\section{Experiments}
\subsection{Dataset and Evaluation Metrics}
The evaluation metrics include Dice Similarity Coefficient (DSC), Normalized Surface Distance (NSD), Mean Intersection over Union (mIoU), and Identification Accuracy (IA) to evaluate the segmentation region overlap and boundary distance. In addition, the algorithm runtime and memory consumption are also evaluated and ranked. 

\subsection{Implementation Details}
\paragraph{\textbf{Preprocessing.}}
We resize all inputs to the median voxel spacing of all training data, $(0.3,0.25,0.25)$, resulting in a median input size of $(337,640,640)$. Then, we clip the input data to the 0.5th and 99.5th percentiles, followed by data normalization based on the mean and standard deviation of the voxel values.
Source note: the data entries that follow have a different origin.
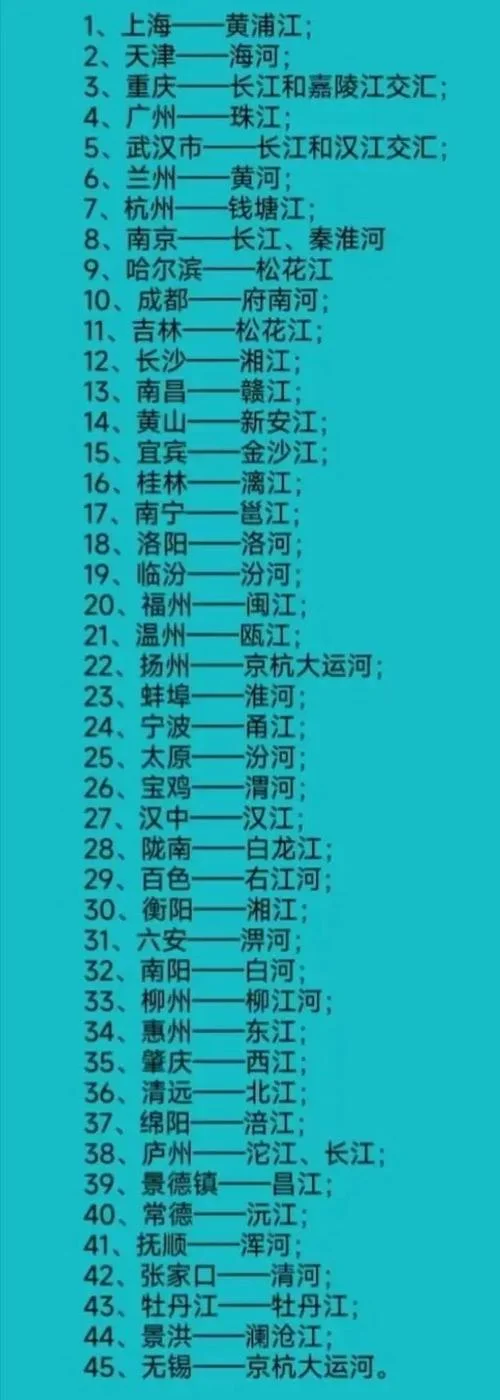 天津到南昌多少公里数-天津到南昌约 1500 公里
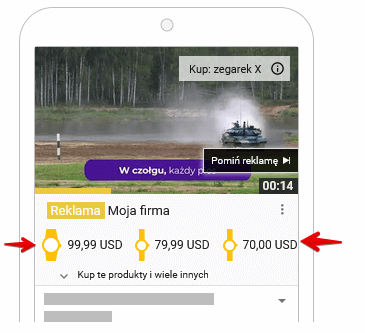 YouTube for Shopping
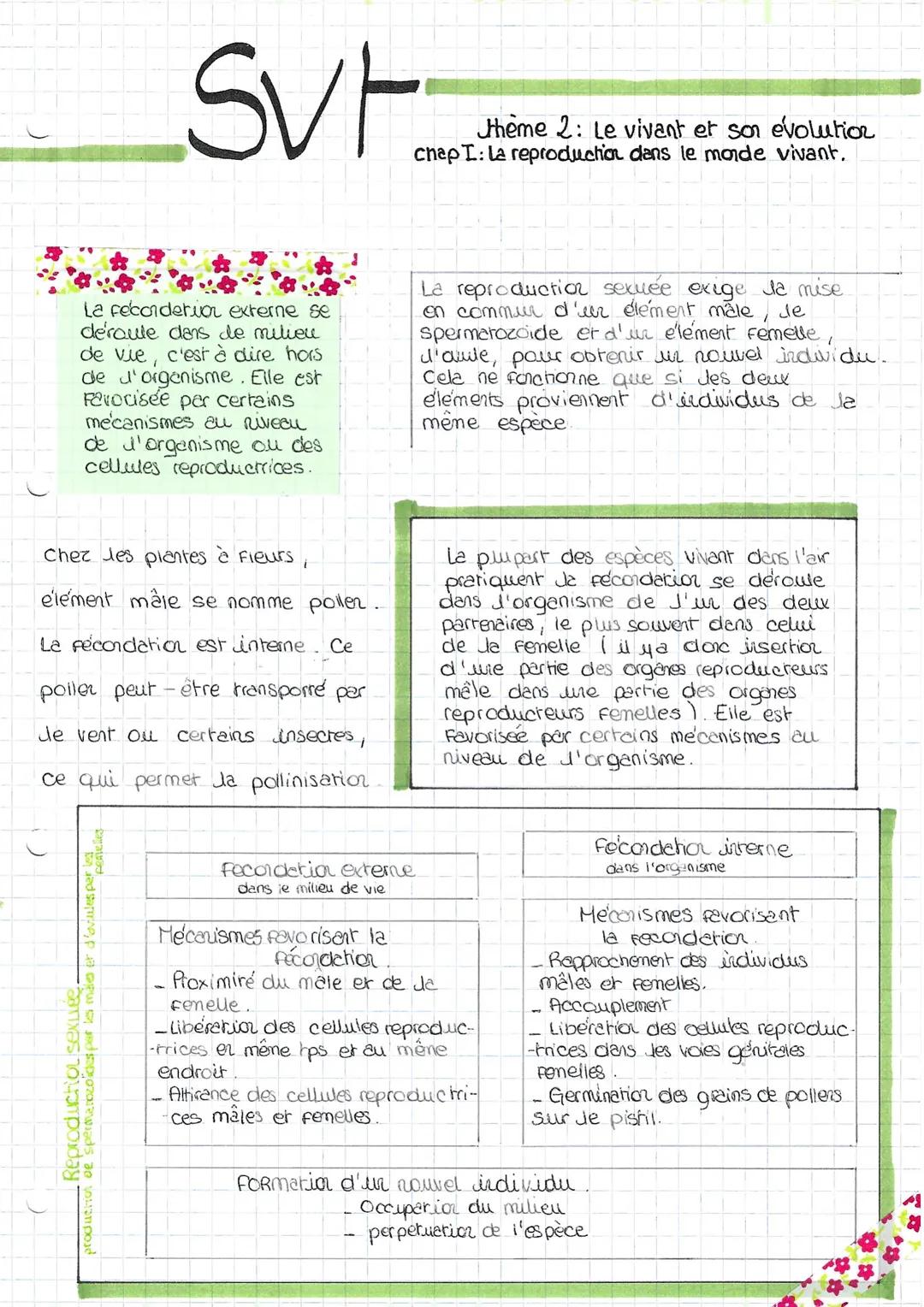 C
Svr
La feconderion externe se
déroule dans de milieu
de vie, c'est à dire hors
de d'organisme. Elle est
Favorisée par certains
mecanismes 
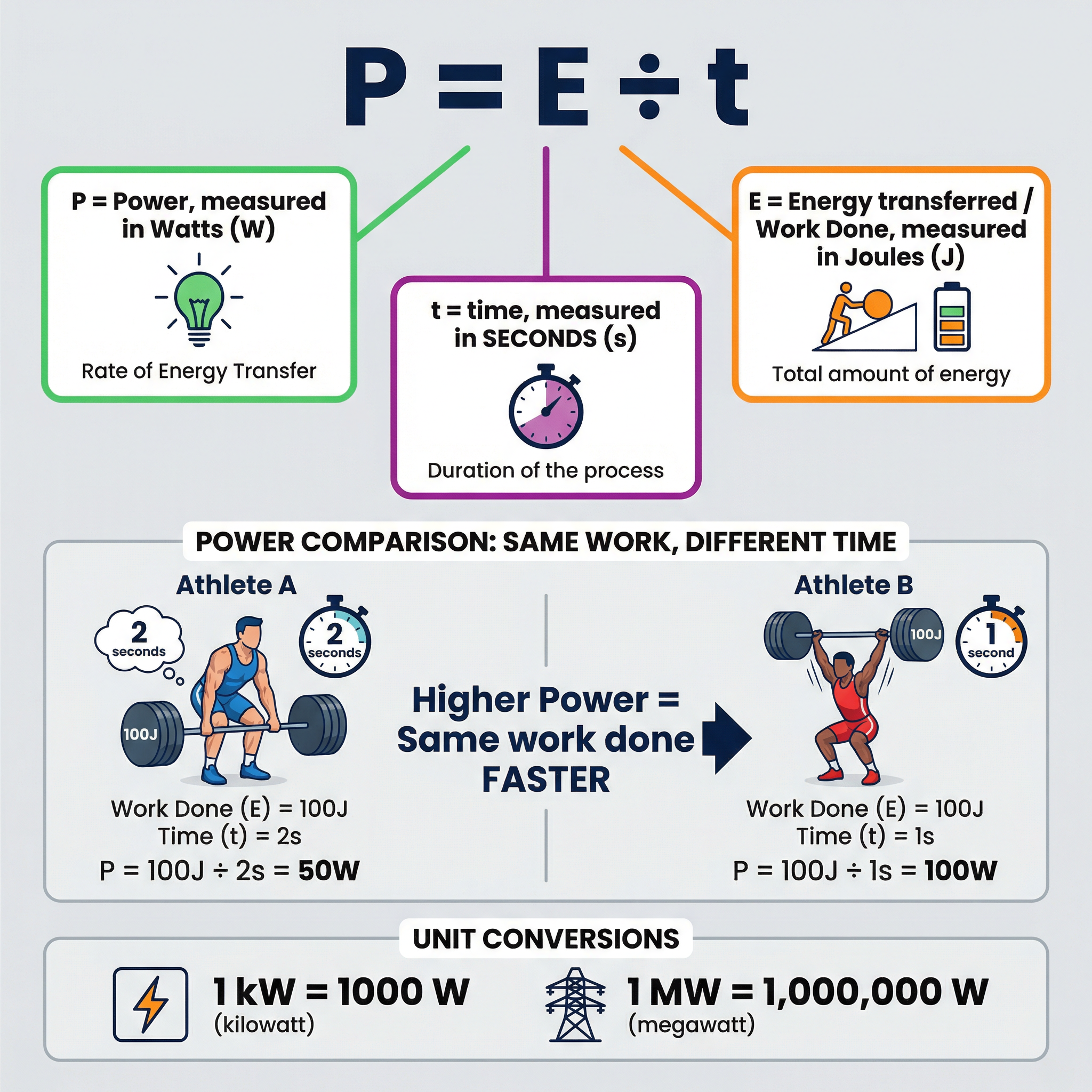 Power is the rate of energy transfer, measured in Watts.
\paragraph{\textbf{Environment settings.}}
The development environments and requirements are presented in Table~\ref{table:env}.

\begin{table}[tb]
    \caption{Development environments and requirements.}
    \label{table:env}
    \centering\setlength{\tabcolsep}{4pt}
    \resizebox{0.66\linewidth}{!}{
    \begin{tabular}{ll}
        \hline
        System & Ubuntu 24.04 \\
        \hline
        CPU & Intel(R) Core(TM) Ultra 9 285K \\
        \hline
        RAM & 2 $\times$ 32GB; 6400 MHz\\
        \hline
        GPU & NVIDIA RTX 5090 32 GB \\
        \hline
        CUDA version & 12.9 \\ 
        \hline
        Programming language & Python 3.11 \\ 
        \hline
        Deep learning framework & PyTorch 2.7.1, nnU-Net 2.6.2 \\
        \hline
    \end{tabular}
    }
\end{table}

\paragraph{\textbf{Training protocols.}}
We implement U-Mamba2-SSL with the nnU-Net \cite{nnunet} framework, using a patch-size training and sliding window inference strategy. During training, we randomly apply rotation, scaling, Gaussian noise, Gaussian blur, brightness and contrast transform, low resolution simulation, and mirroring as data augmentation. We randomly crop input patches so that at least 33\% of the voxels contain a foreground label. $W_{CR}$, $W_{PL}$, and $\lambda_{conf}$ are set to $50$, $0.1$, and $0.75$, respectively.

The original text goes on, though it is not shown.